Connectivity includes a set of 480i-only component video inputs, a second set of wide-bandwidth BNC components for either PC or high definition/progressive scan video use (these can be configured for RGB/HV or component), and an HDCP-ready DVI jack for all-digital connection of any suitably socketed DVD player or PC.
For better or for worse the Model 40 is really designed for a professional installation, and as such setup tweaks available outside a special passcodeprotected Service menu are few and far between. In fact, the only really useful thing you can do yourself (though see Practical Tip) via the simplistic onscreen menus is tweak the vertical keystone correction and colour temperature.

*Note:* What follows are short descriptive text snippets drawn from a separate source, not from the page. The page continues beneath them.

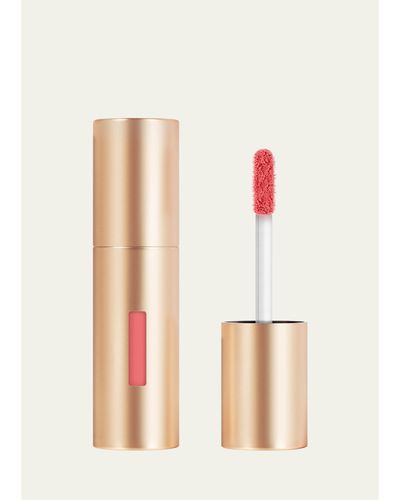 Sisley Paris Color Cloud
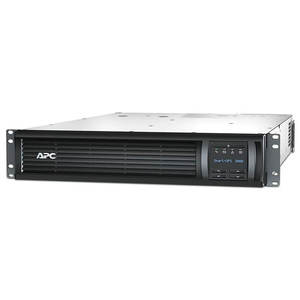 <span class=keywords><strong>APC</strong></span> Schneider SMT1500RMI2U-CH UPS  UPS à montage en rack <span class=keywords><strong>APC</strong></span> Smart UPS 1500VA <span class=keywords><strong>1000W</strong></span> Alimentation sans interruption interactive en ligne - Product Image 3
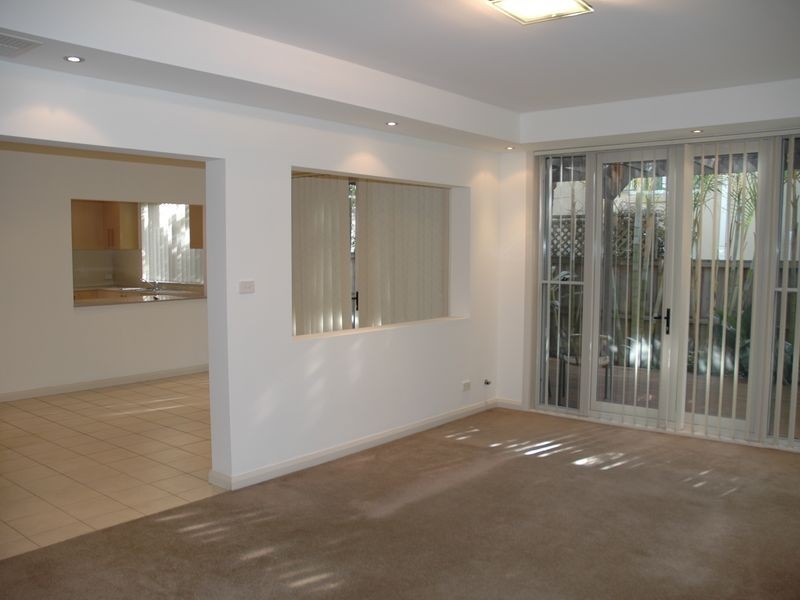 6/1626 Pittwater Road, Mona Vale NSW 2103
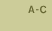 A-C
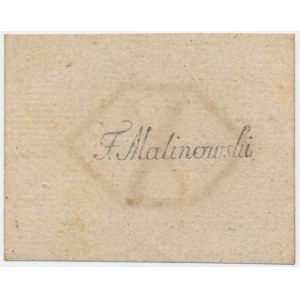 10 groszy 1794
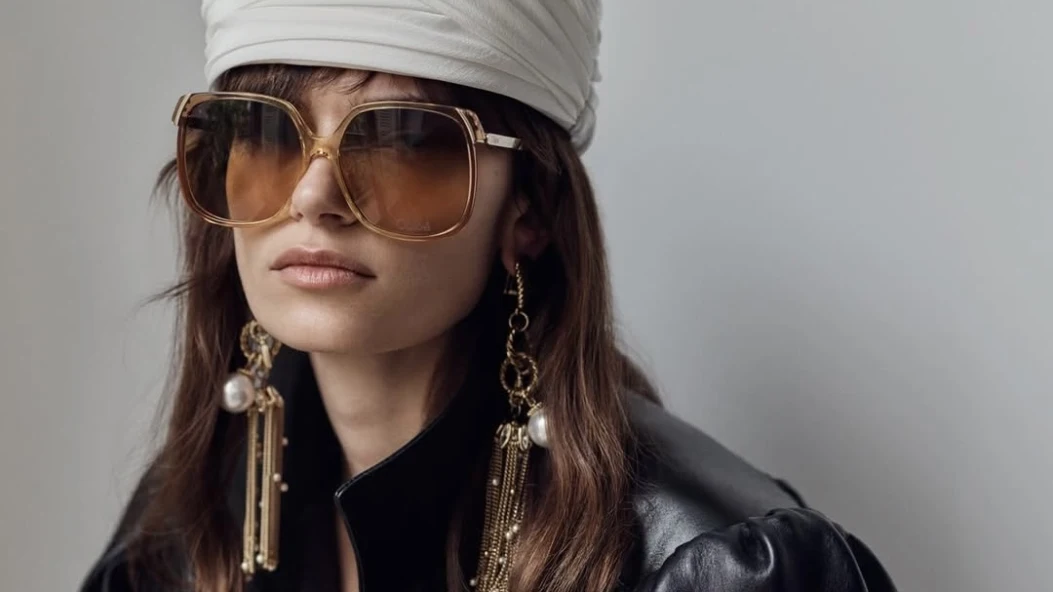 Головні fashion-покупки червня 2025 року 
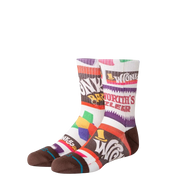 STANCE Y FTPA WONKA BARS - Boutique Homies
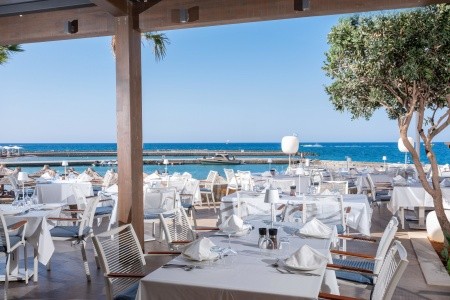 Nana Golden Beach - 365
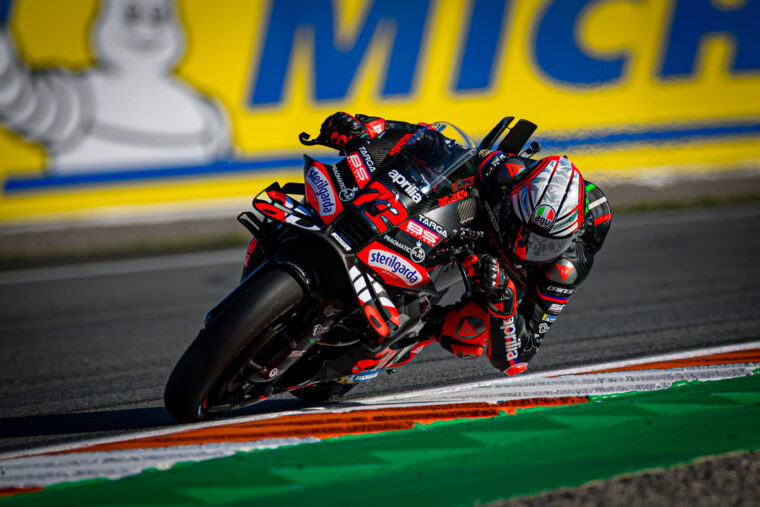 marco-bezzecchi-victoria-motogp-valencia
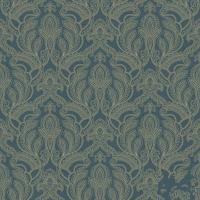 купить Galerie Vintage Damasks G34142
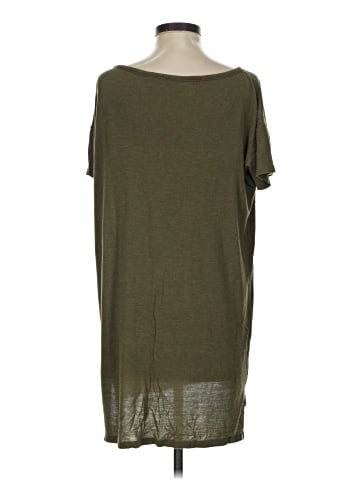 T by Alexander Wang Casual Dress (view 2)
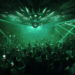 Digital music experiences agency Pacha Group booked $139m in income between January and September 2025, after ‘record-breaking’ season at Pacha Ibiza nightclub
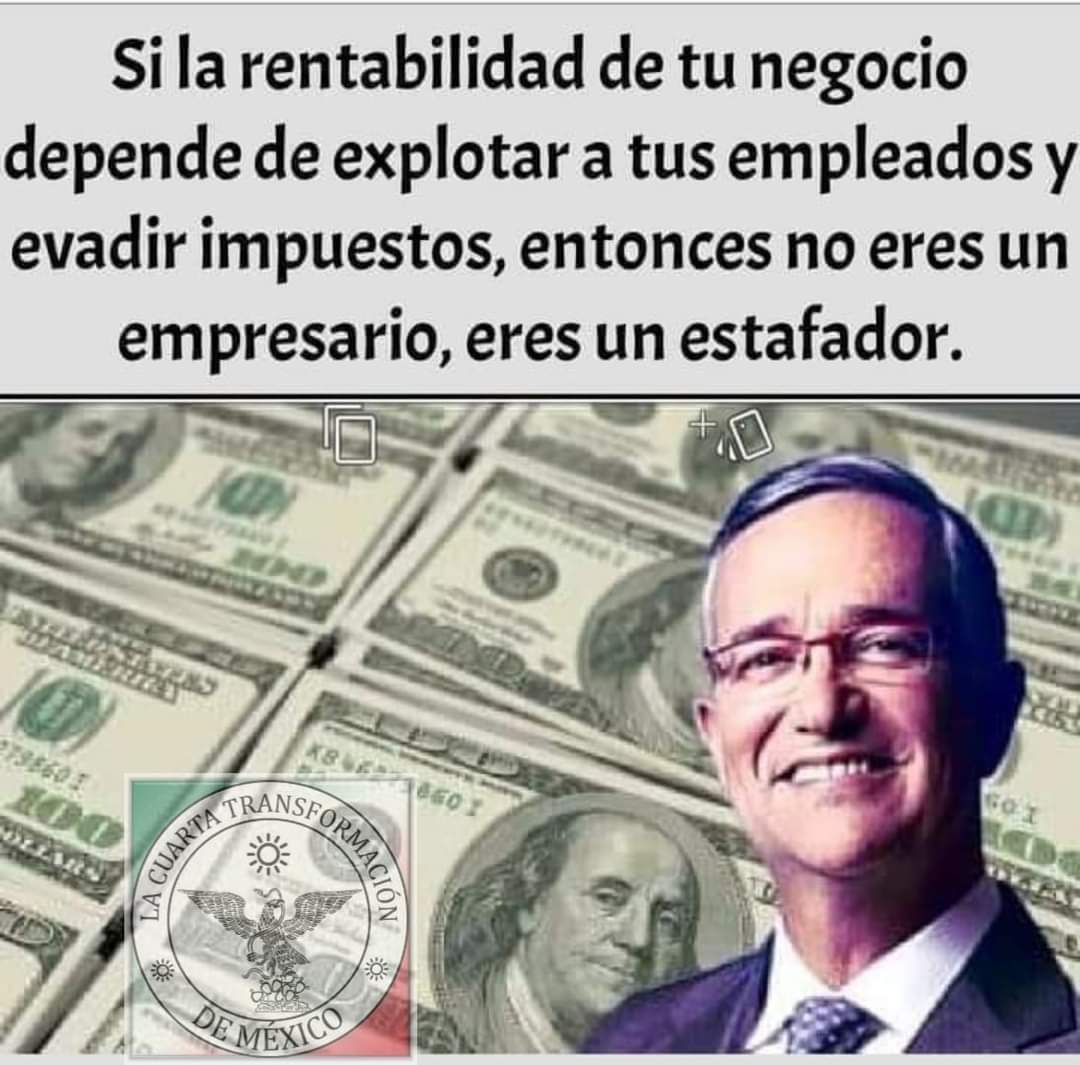 <a href="/RicardoBSalinas/">Don Ricardo Salinas Pliego</a>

The Model 40 in standard form has a little bit of zoom available to help you fit the image to your living room, but people with really big spaces will be pleased to hear that there's a version to be had with a long-throw lens (1.83:1 to 2.40:1 rather than the standard 1.38:1 to 1.63:1) if you've got an extra £900 in your pocket.
It's worth just running over a few of the Model 40's specs before we find out how it performs. It uses Texas Instruments' HD-2 Mustang chipset, boasting a native resolution of 1,280 x 720, 950 ANSI Lumens brightness and around 1,600:1 contrast. It's important to say, too, that the latter two measurements are taken using Runco's Cinema Standards Measurement System (CSMS), designed to give more realistic values than the 'optimistic' systems adopted by some rival manufacturers when coming up with their brightness and contrast specs. The Model 40 also uses 3:2 pulldown to smooth pictures out, and is fully compatible with all HDTV formats.
The Model 40's picture is very good - but a pinch short of exemplary. The high point unquestionably is the awesome greyscale. There's a phenomenal subtlety to gradations in hue across all aspects of a picture, be it facial close ups or shadowy backdrops. This gives the picture a depth, vitality, texture and sheer believability that has to be seen to be believed, especially if you're lucky enough to be able to try a high definition DVI feed...
As long as you're careful what temperature setting you opt for (I found the 0 option worked for me), the Vidikron's colour tone is also impressive. The cave troll sequence in the LOTR:The Fellowship of The Ring is a hard test of colour for a projector thanks to all the low-lit fleshtones. But, the Model 40 managed effortlessly, coping almost perfectly with the various blue, green and orange light sources the scene applies.
Also impressive is the image's brightness level. That's not to say it's actually the brightest DLP projector around - it isn't. But actually that suits us just fine in that the sensible brightness level deliberately adopted by the Model 40 is ideally suited to a natural video presentation, allowing the unit's very decent (though not, it has to be said, out of this world) contrast range full rein.
If the Model 40 was a couple of grand cheaper than it is, I might be able to leave on this high note and finish with an unequivocal thumbs up. But by selling for £7,000 the Vidikron sets itself amid some seriously accomplished company - and within such company one or two weaknesses do become apparent. The worst is a slight softness to the picture. In general I actually don't mind a touch of softness if it helps a projector avoid grain and noise, but the Vidikron takes things too far.
The other main problem is the old DLP menace of fizzing dot interference over motion, particularly when skin tones and camera pans are involved. This doesn't occur regularly enough to be heinously annoying, but in view of the advances made in this area by one or two other mid to high-end projectors recently (not least the Marantz model featured elsewhere in this issue), I still didn't feel wholly happy having to suffer it on a £7,000 product.
A final, much slighter, niggle is that high definition pictures look a tad grainier than I've seen on some rival projectors at this price point - though considerable compensation for this comes from the reduction in the softness found with other sources and also, more surprisingly, a jump in black level response.
Things are advancing at an almost frightening rate in the video projector world right now, and for all its undoubted strengths the Model 40 slightly falls foul of this rate of progress.
When it was first released in the US, back in September of last year, it would doubtless have been up there with the very best DLP projection had to offer. But in the nearly 12 months that have passed since, it's started to show its age to the point where while we could heartily recommend it at a price of around £4-5k, we can't help but feel that £7k is asking a bit too much.